## Material to process
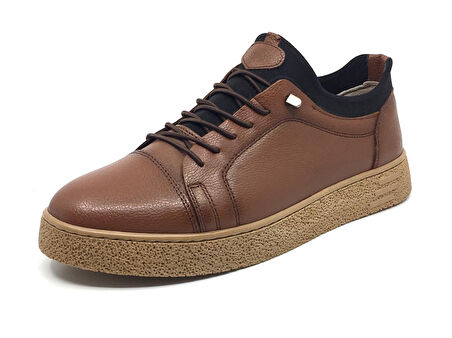 Goldbrand %100 Hakiki Deri Erkek Kışlık Rahat Günlük Casual Lastik Bağcıklı Ayakkabı 40-44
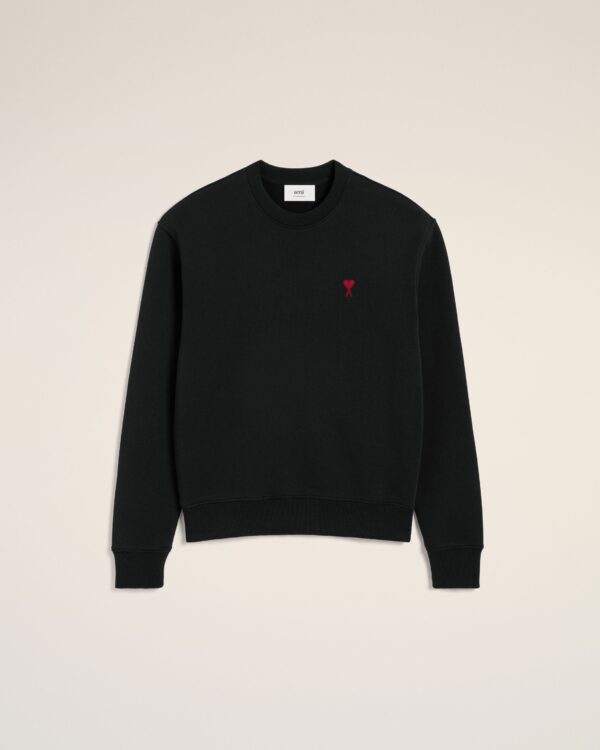 Sweatshirt Noir Ami de Coeur En Coton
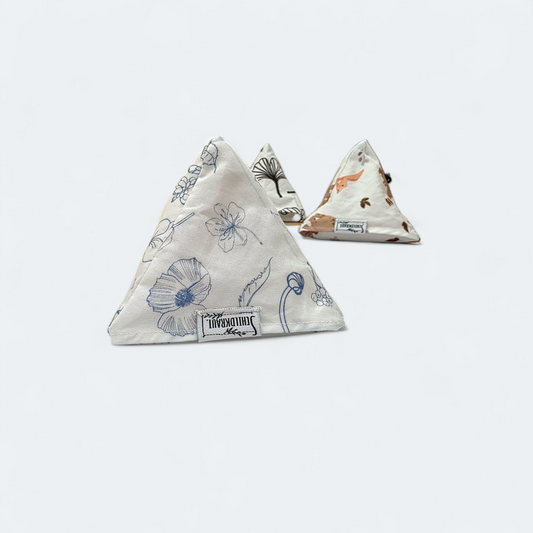 Aromaterápiás Sópiramis- Kék virágos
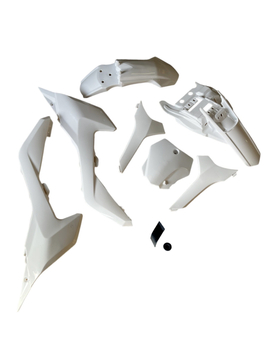 Plastiki kompletne białe dirtbike Kayo KT50 Kayo KT50 Mini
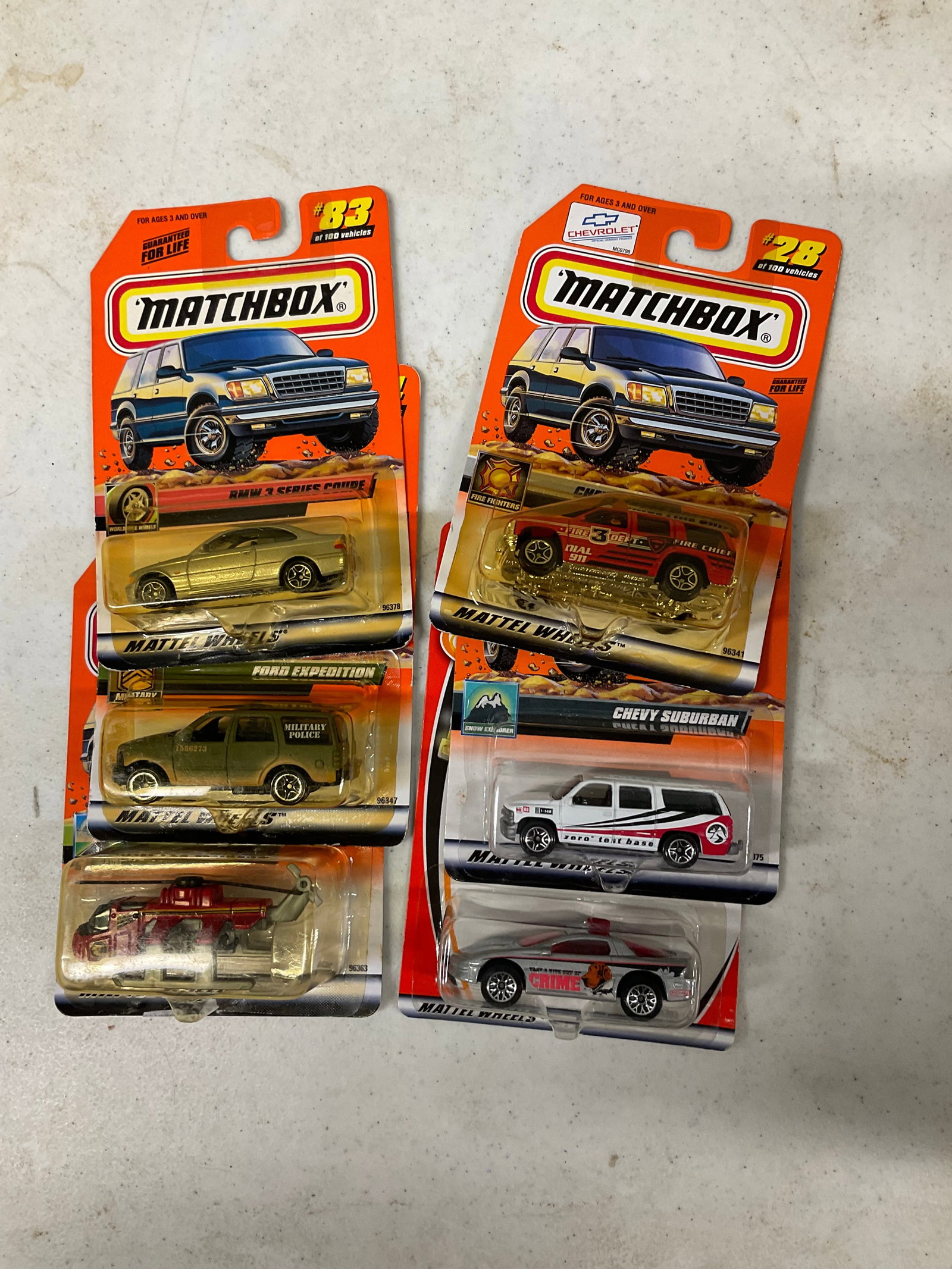 Lot of 6 matchbox cars: Lot of 6 matchbox cars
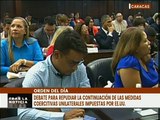 Diputados de la AN repudian las medidas coercitivas impuestas por EE.UU. contra Venezuela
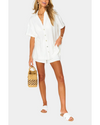 Parker Button Down White Linen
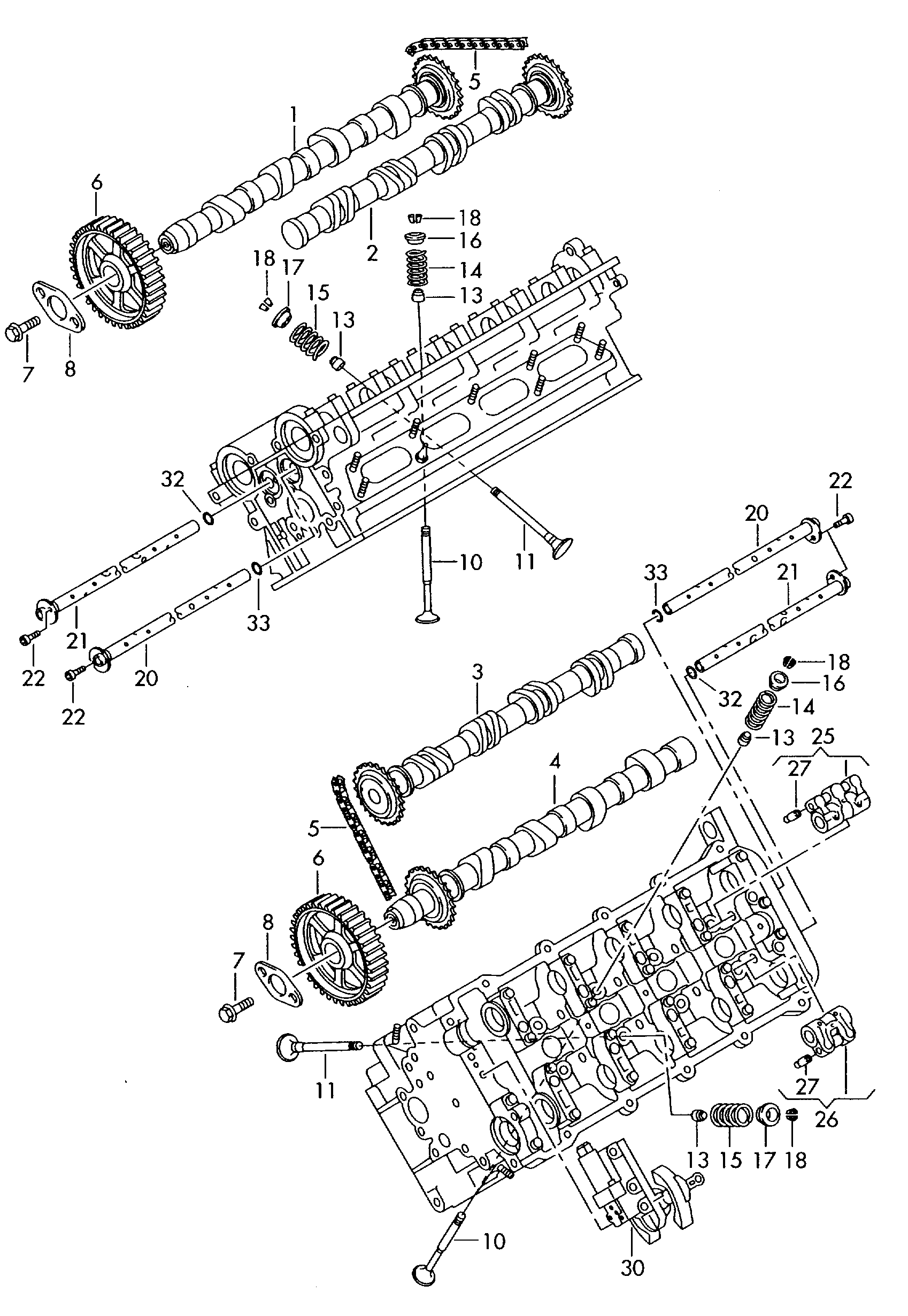 AUDI (FAW) 058 109 229 B - Sadales vārpstas piedziņas ķēde ps1.lv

## Work required
The required output is each record above, reproduced exactly, without its pictures.

## Answer space
 Goldbrand %100 Hakiki Deri Erkek Kışlık Rahat Günlük Casual Lastik Bağcıklı Ayakkabı 40-44
 Sweatshirt Noir Ami de Coeur En Coton
 Aromaterápiás Sópiramis- Kék virágos
 Plastiki kompletne białe dirtbike Kayo KT50 Kayo KT50 Mini
 Lot of 6 matchbox cars: Lot of 6 matchbox cars
 Diputados de la AN repudian las medidas coercitivas impuestas por EE.UU. contra Venezuela
 Parker Button Down White Linen
 AUDI (FAW) 058 109 229 B - Sadales vārpstas piedziņas ķēde ps1.lv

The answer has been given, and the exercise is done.